Над недалекими кустами, над речкой кружились зеленые листья, как стая испуганных воробьев. Тогда до меня дошло: мина!
Но, грешный, испугался я не за Старовойтова — за Глашу.
— Куда? Стой! Не беги! Что ты делаешь?
Глаша не слышала… не хотела слышать, она рвалась быстрее помочь человеку. Низко пригнулась, пролезая через кусты.
Сбоку, слева от нее, за кустом калины с красными ягодами, сверкнул огонь. Внешне — обычный взрыв, как бомбы, как снаряда. Меня обдало горячей волной, хлестнуло по лицу ветвями.

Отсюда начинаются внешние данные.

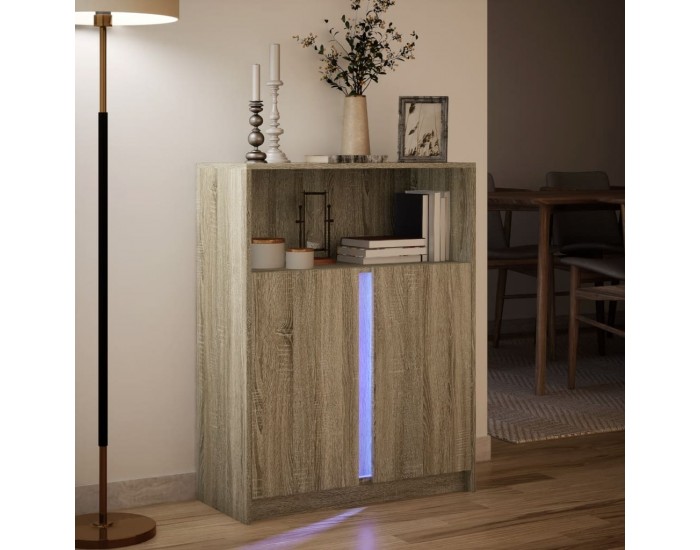 Sonata H Сайдборд с LED, дъб сонома, 77x34x100 см, инженерно дърво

Глаша споткнулась, но приподнялась, села на землю.
Я обхватил ее за плечи, вытянул из-под куста. С ужасом увидел, как юбку на бедре, босую ногу заливает кровь.
«Только бы не в живот! Только бы не в живот!» — обожгла мысль.

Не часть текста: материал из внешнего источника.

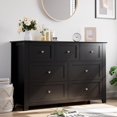 thumbnail image 1 of Commode Noire à 7 Tiroirs pour Chambre – Coffre en Bois Simplement Moderne, Tiroirs de Rangement Profonds, Commode Double Polyvalente pour Salon, Couloir, Entrée, 1 of 9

Поднял ее на руки, понес к машине. Она обхватила мою шею, болезненно улыбнулась, глаза ее наполнились страхом.
— Не было сорочки. Не было, Павел. Никто не родился в сорочке. Никто. И это все, Павел? Как Лиду?
— Нет! Нет! Это пехотная мина. Пехотная… Натяжная, — странно и нелепо утешал я, думая об одном: «Только бы не в живот». Будто от ранения в другие части тела люди не умирают.

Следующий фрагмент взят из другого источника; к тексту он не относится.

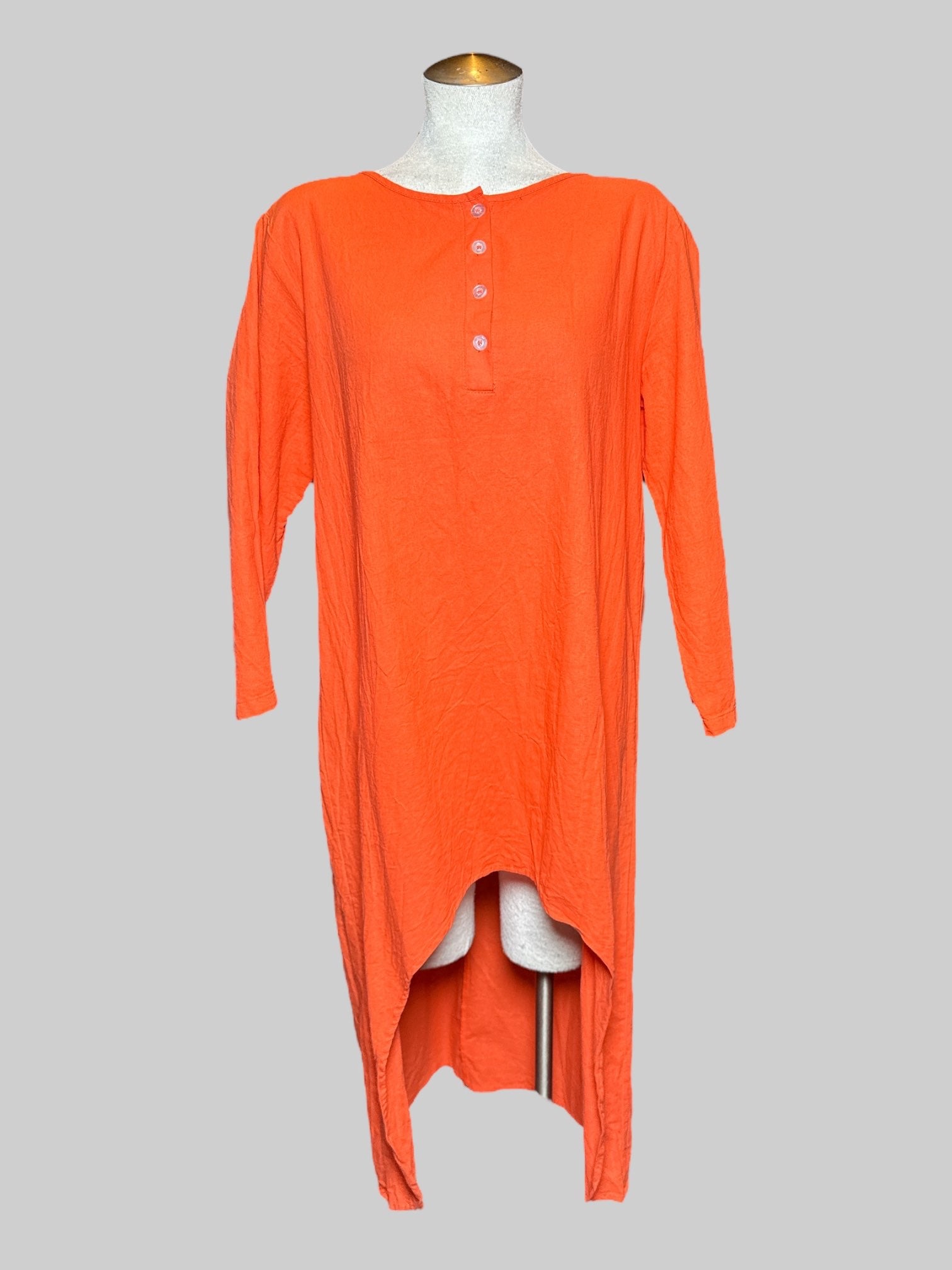XL orange hi-lo dress with four buttons on neckline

Опустил ее на мох. Разорвал юбку. Глаша запротестовала. А я обрадовался: на трусиках, беленьких, сшитых из финской ткани, не было крови, значит, раны в животе нет. И я закричал во весь голос:
— Цел твой живот! Цел! — И шепотом: — И тот, кто в нем, — цел! Живем, Глаша! Тебе посекло ногу. Три осколка. Всего три осколка… Сейчас перевяжем… Остановим кровь.
Глаша села.
— Ты слышишь, лейтенант? Он зовет нас.
Не слышал я Старовойтова, пока думал о ее ранах. А лейтенант действительно звал ослабевшим голосом:
— Па-вел! Ан-то-он!
Где он, шофер? Куда исчез? Почему не бежит спасать своего командира?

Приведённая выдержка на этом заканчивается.